RWE and National Grid's joint-venture, Community Ocean Wind (73% owned by the former), was awarded a 1.3 gigawatt offshore wind project at the latest New York auctions. We reckon that the project's returns are above our estimates for offshore wind farms to be commissioned beyond 2030. However, Orsted's woes have shown that execution risk is high in the U.S. All in all, we confirm our fair value estimates of EUR 55 and GBX 1,040 for RWE and National Grid, respectively. The former is materially undervalued.
Stock Analyst Note

European utilities have underperformed the European market by 4% year to date with most of the underperformance occurring in the third quarter because of the rise in interest rates. This overshadowed strong second-quarter results driven by the easing of the energy crisis, persisting commodity price volatility, and the hedging improvement. These drivers have persisted in the third quarter. Moreover, some power price clawbacks expired at the end of June like in Germany and Belgium. On the flip side, the comparison basis will be tougher as of the third quarter.
Stock Analyst Note

At round 5 of the U.K. contract-for-difference auctions on Sept. 8, 3.7 gigawatts of renewable capacity were awarded, one third of the amount awarded last year—1.9 GW was solar and 1.5 GW was onshore wind. No offshore wind capacity was cleared. This a blow to the U.K. goal to grow offshore wind capacity to 50 GW by 2030 from 14 GW currently.

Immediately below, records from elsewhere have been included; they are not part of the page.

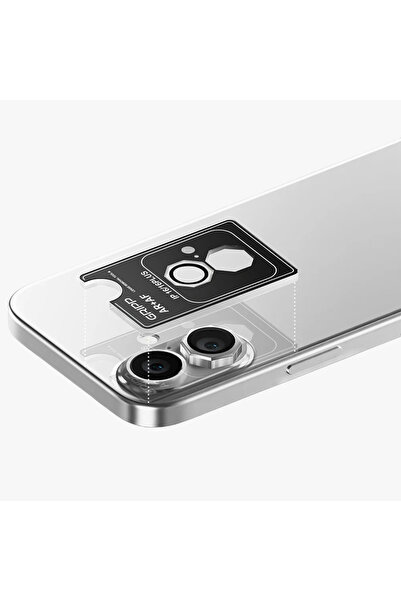 CaseHub iPhone 16 / 16 Plus Safir Kamera Koruyucu Premium Sekizgen Tasarım Takma ve Çıkarma Aparatlı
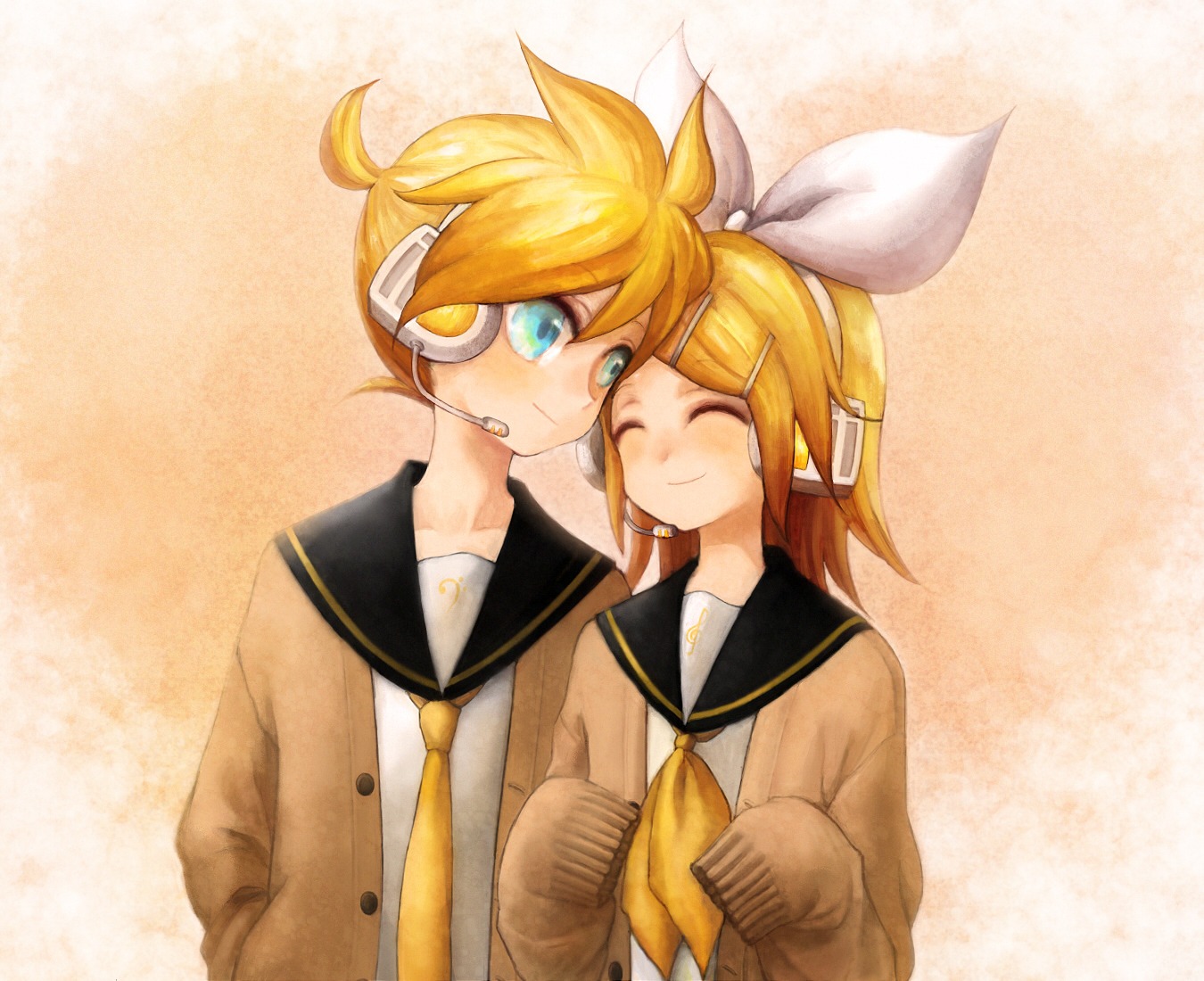 kagamine_len, kagamine_rin, michi_ta_(masquerade), vocaloid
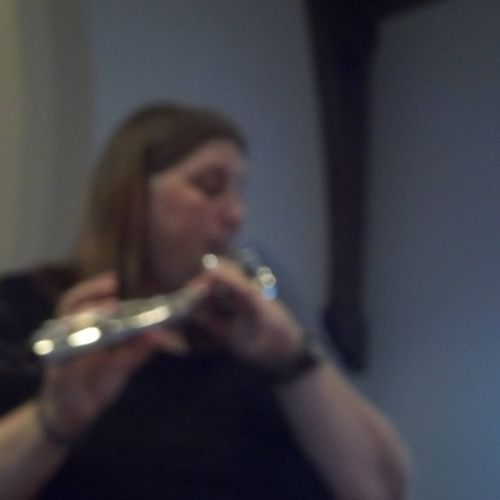 Karen in recital on the alto flute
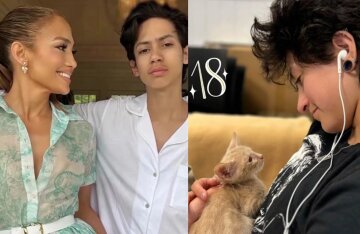 Jennifer Lopez shared archival footage of her twins Emma and Max in honor of their 18th birthday.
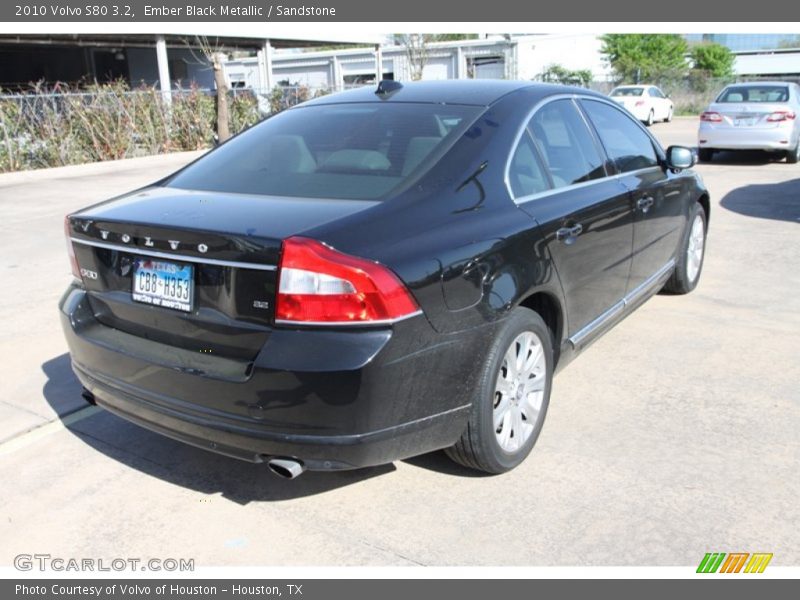 Ember Black Metallic / Sandstone 2010 Volvo S80 3.2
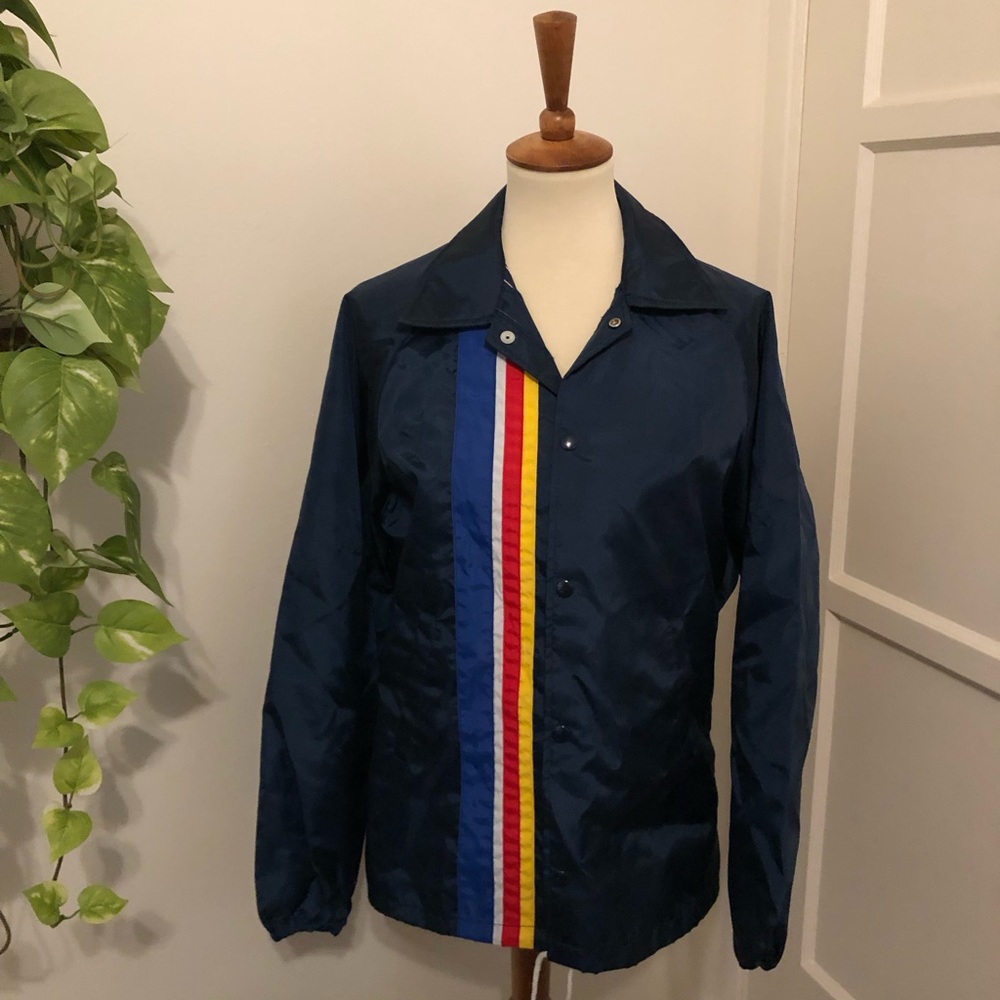 Deadstock vintage windbreaker nylon jacket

Still, no surprise here as many developers had warned that the ceiling strike price of GBP 44/MWh in 2012 prices of these auctions was way too low given the 40% increase in construction costs over the last year. Overall, the absence of awarded capacity reflects price discipline from developers.
Stock Analyst Note

Narrow-moat Orsted announced potential massive impairments due to mounting woes for its U.S. offshore wind projects. This contradicts the message it has sent so far and therefore raises a confidence issue with management. We now assume most of the U.S. projects will be value-destructive, driving a DKK 30 reduction in our fair value estimate to DKK 670. Shares appear materially undervalued, but could remain dead money until U.S. projects are sanctioned.